Walking through the zoo, I couldn’t breathe. Winter air felt like dry paper inside my lungs. Dizzy, disoriented, I thought I’d vomit.
He was angry because I was ruining his perfect plans. So I tried to keep going.
I tried so hard to eat dinner, tried to make him happy. He acted like I was inconveniencing him by getting sick. This is not how he wanted his night with his girlfriend to go.
He took me back to my apartment.
“I just want to go to bed,” I said. “I’m sorry, I just feel awful.”
“Let’s just cuddle a little bit,” he said.
He wanted more before. No, please, I just want to sleep.
He got on top of me. I felt myself crushed into the bed over and over and over.
I gave up.
There was no more breath to say no.
If you let him do it, it will be over faster, my mind whispered.
“You don’t seem like you’re enjoying this,” he said.
I was just the possession, the blow up doll.

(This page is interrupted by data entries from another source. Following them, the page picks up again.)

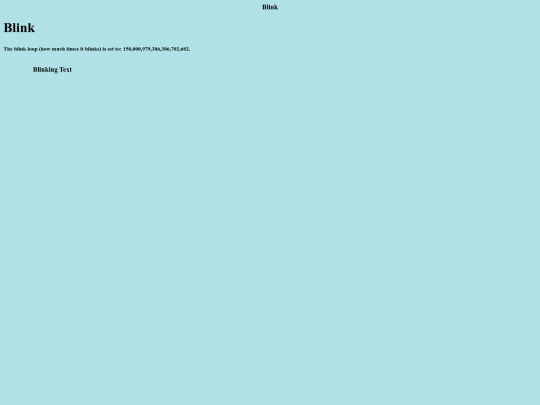 6/Blink screenshot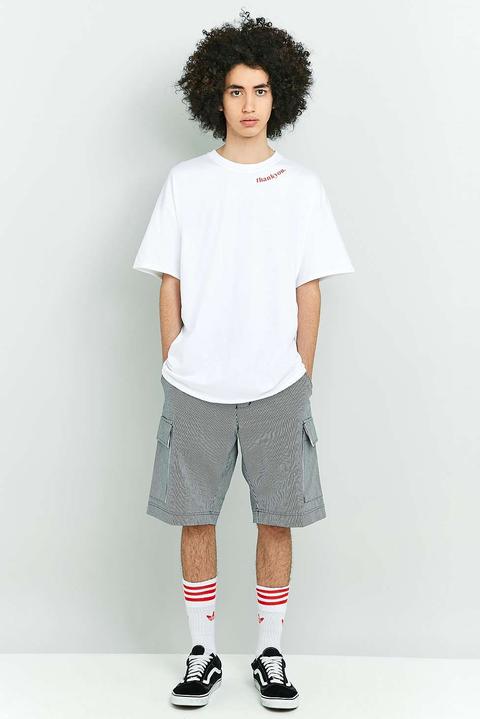 Uo Thank You Have A Nice Day White T-shirt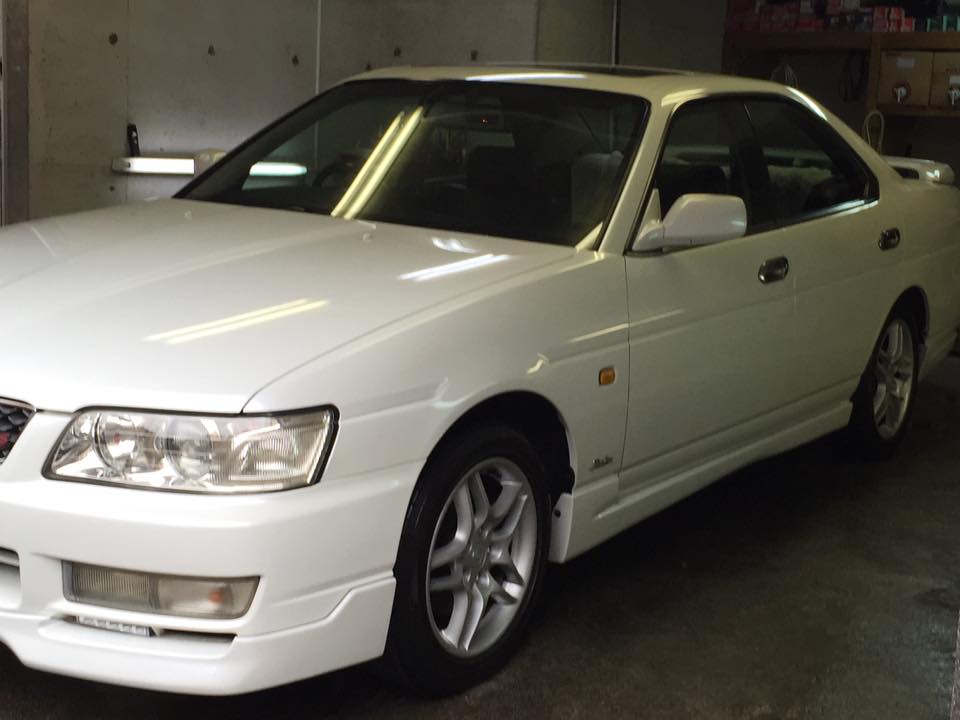 ランドクルーザー７０にガラスコーティング(プレミアム)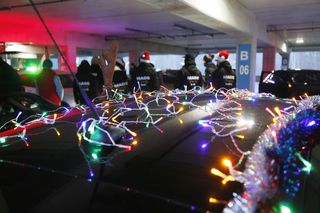 Świąteczny zlot samochodowy Mads Polska w Katowicach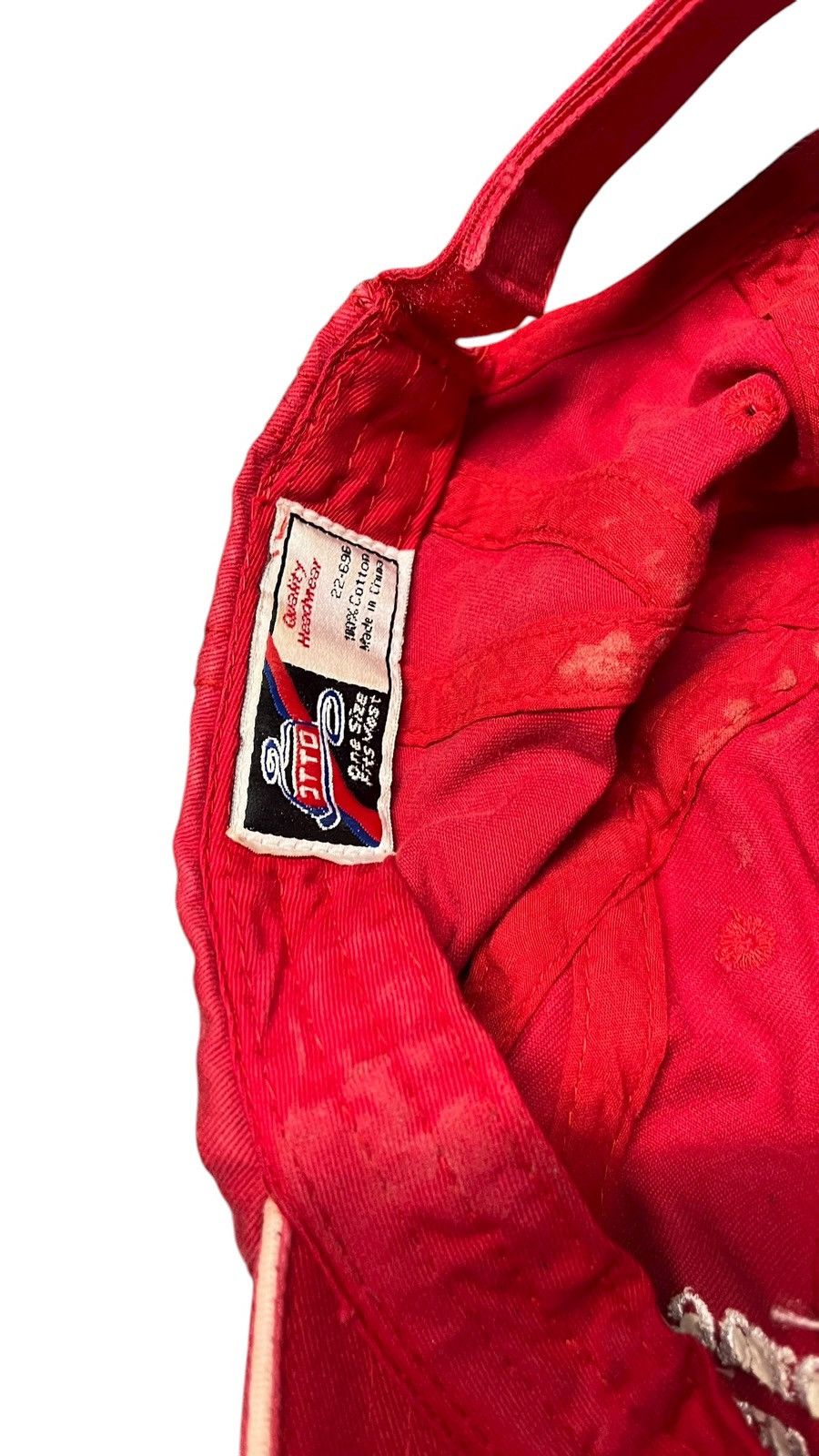 Other Vintage Ferti-Lome “The Ultimate” Red Dad Hat Size ONE SIZE - 6 Thumbnail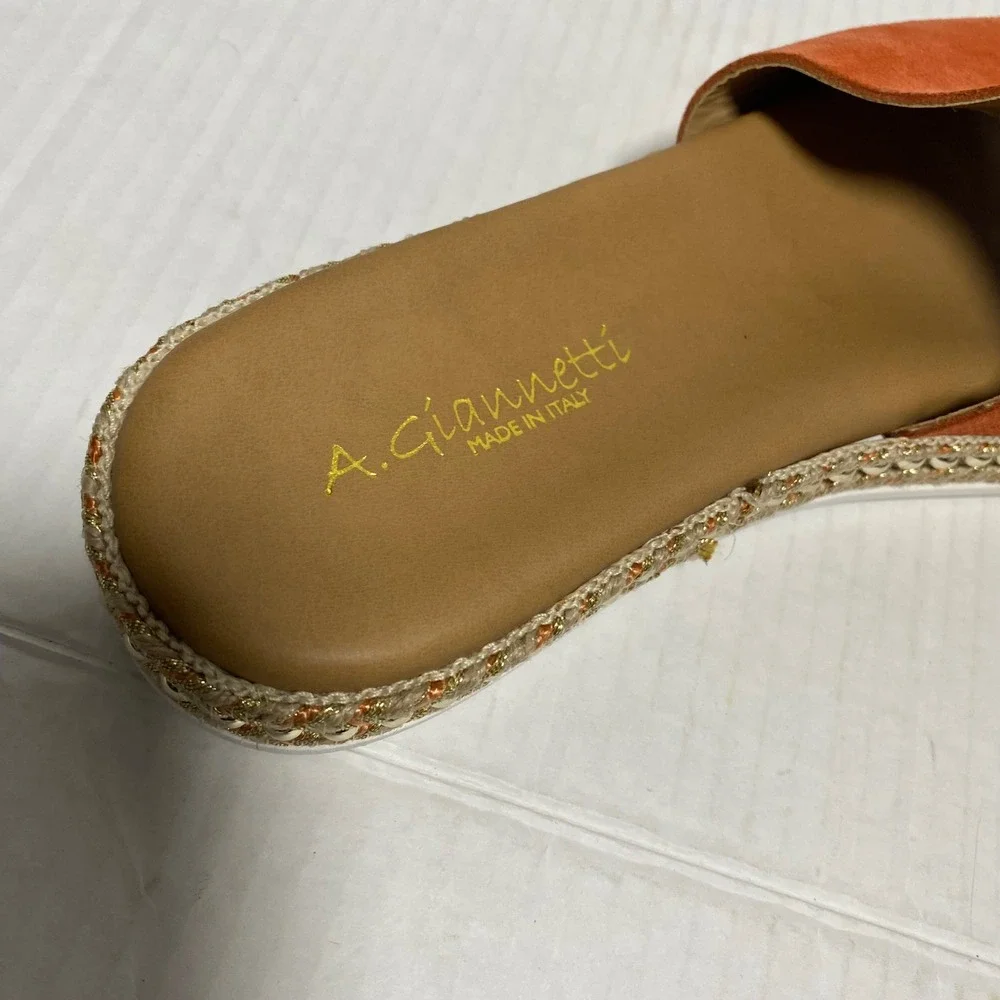 A Giannetti italian leather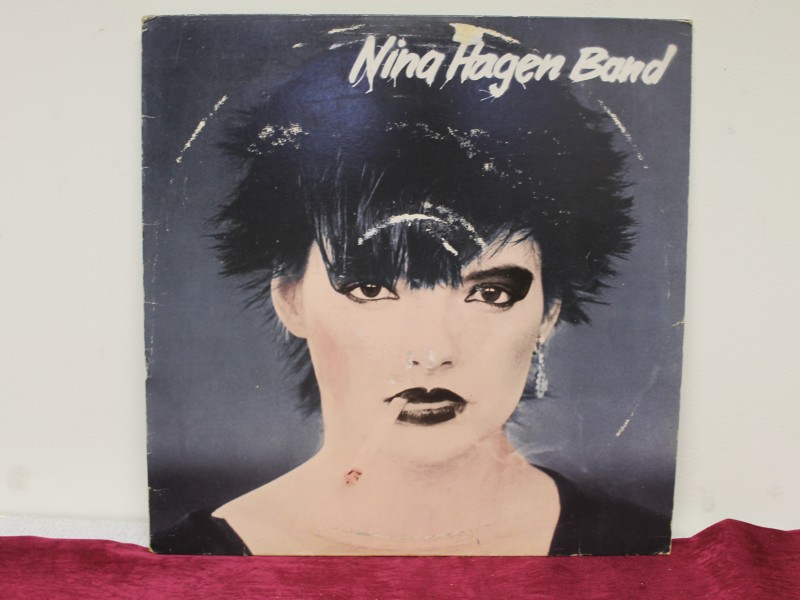 LP 'Nina Hagen Band' (Art. 2906)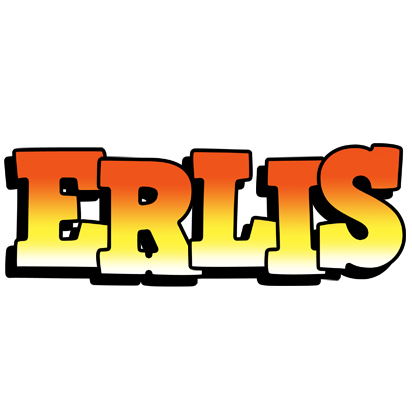 Erlis sunset logo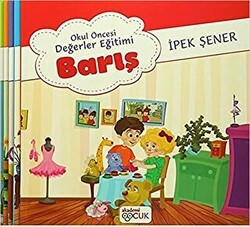 Okul Öncesi Değerler Eğitimi 5 Kitap Takım - Akademi Çocuk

“Don’t you like this?” he said.
He just didn’t understand, I told myself. He just made a mistake. I didn’t say no enough times.
I took a road trip for over a week, spent Christmas with family and friends. When I came back, I broke up with him. I knew I couldn’t date him anymore.
He wanted to come over at 3 a.m. when I drove in, but I didn’t want to see him. I dreaded the next time he’d come over, but I didn’t know why.
I unfollowed him and put him on my restricted list on Facebook several months after the breakup, but I didn’t actually unfriend him until a few weeks ago.
It took three years for me to find the words: sexual assault. #MeToo
“Do they all have to be as bad as him, to make it count? Does it only count if you really have done it to loads and loads and loads of women or does it count if you do it to one woman, once? I think the latter.” - Emma Thompson, BBC interview, Oct. 12, discussing Harvey Weinstein.